Quelles sont les raisons qui poussent les automobilistes à s’inscrire en stage ?

En général, ce sont des personnes qui ont commis un certain nombre d’infractions au code de la route et qui sont en-dessous des 6 points sur leur permis de conduire. Lorsqu’un automobiliste descend en-dessous de la barre des 6 points, les pouvoirs publics envoient un courrier recommandé expliquant à l’automobiliste qu’il est au milieu de son capital de point et qu’il a possibilité de passer un stage de récupération de points. Ce système a été mis en place pour éviter les invalidations de permis de conduire. Il est déjà arrivé que des automobilistes prêtent leur voiture à des amis et que ces derniers se fassent flasher par un radar automatique. Le problème c’est que les points sont enlevés au propriétaire de la voiture et que la plupart des gens se préoccupent plus de l’amende que des points perdus. On a déjà eu des personnes en stage qui ont perdu plusieurs fois des points alors que ce n’était pas elles au volant.

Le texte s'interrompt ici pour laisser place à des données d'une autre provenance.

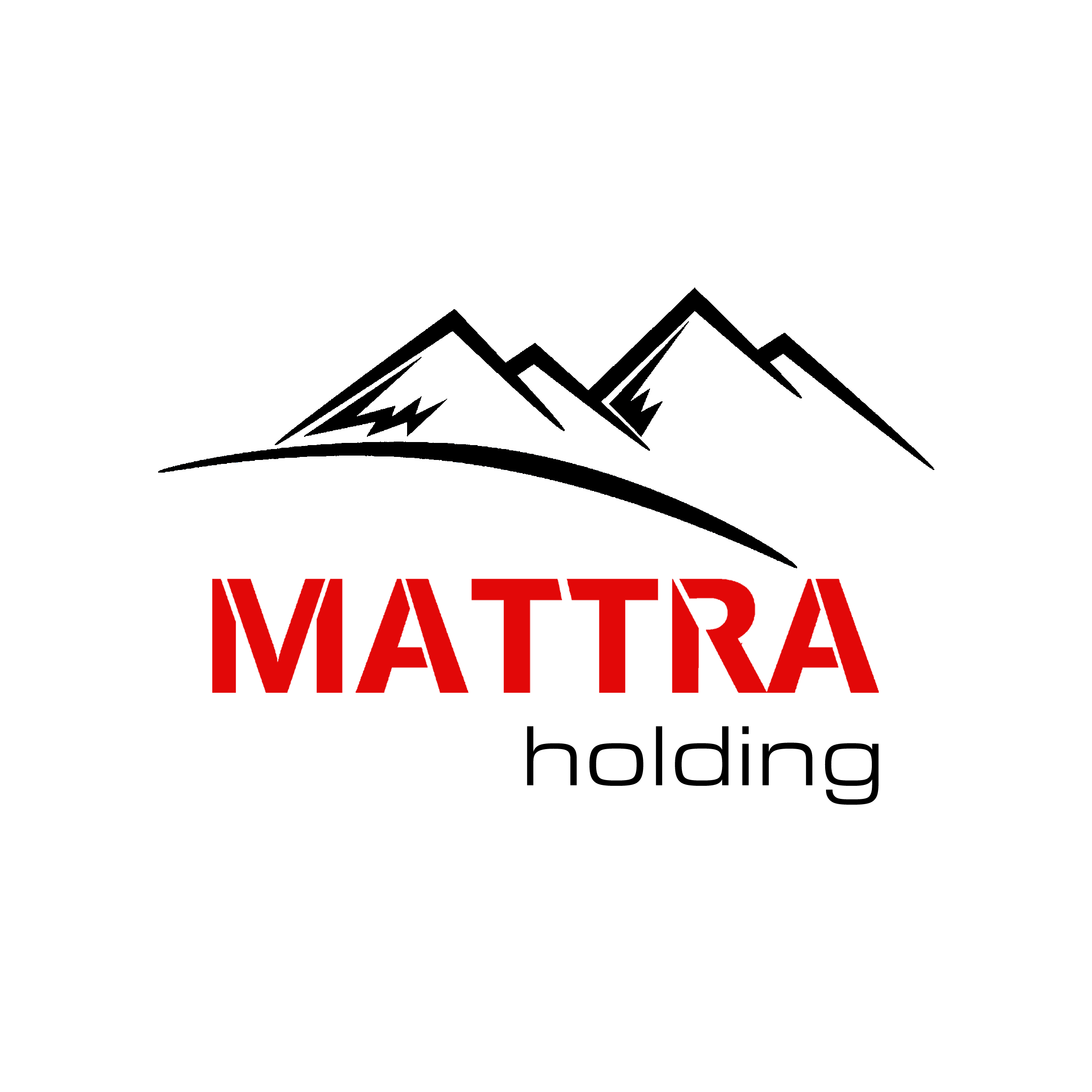MATTRA Holding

Dans ces stages, nous avons aussi régulièrement des jeunes qui sont en permis probatoire. Et ces personnes ne sont pas là de leur propre plein gré. Si ces jeunes permis font une infraction qui leur enlève 3 points ou plus, ils reçoivent un courrier recommandé les obligeant à faire un stage. A réception du courrier, ils ont 4 mois pour faire le stage.S’ils respectent ce délais les pouvoirs publics remboursent le montant de leur amende. Si le délais n’est pas respecté, faute de moyens pour payer le stage ou simplement par refus, l’automobiliste est convoqué au tribunal de police et peut avoir une amende et une suspension de permis. Dans tous les cas l’automobiliste sera obligé de faire le stage.

Quelle sont les infractions les plus courantes?

Les gens ont beaucoup plus d’amendes et de retraits de points lorsqu’ils grillent un feu rouge du fait de l’installation récente des radars de feu. En général, ce sont des personnes qui prennent l’habitude de forcer sur le feu orange.

En 2010, 46% des infractions pour lesquelles les automobilistes perdent 1 point sont des excès de vitesse de moins de 20 km/h.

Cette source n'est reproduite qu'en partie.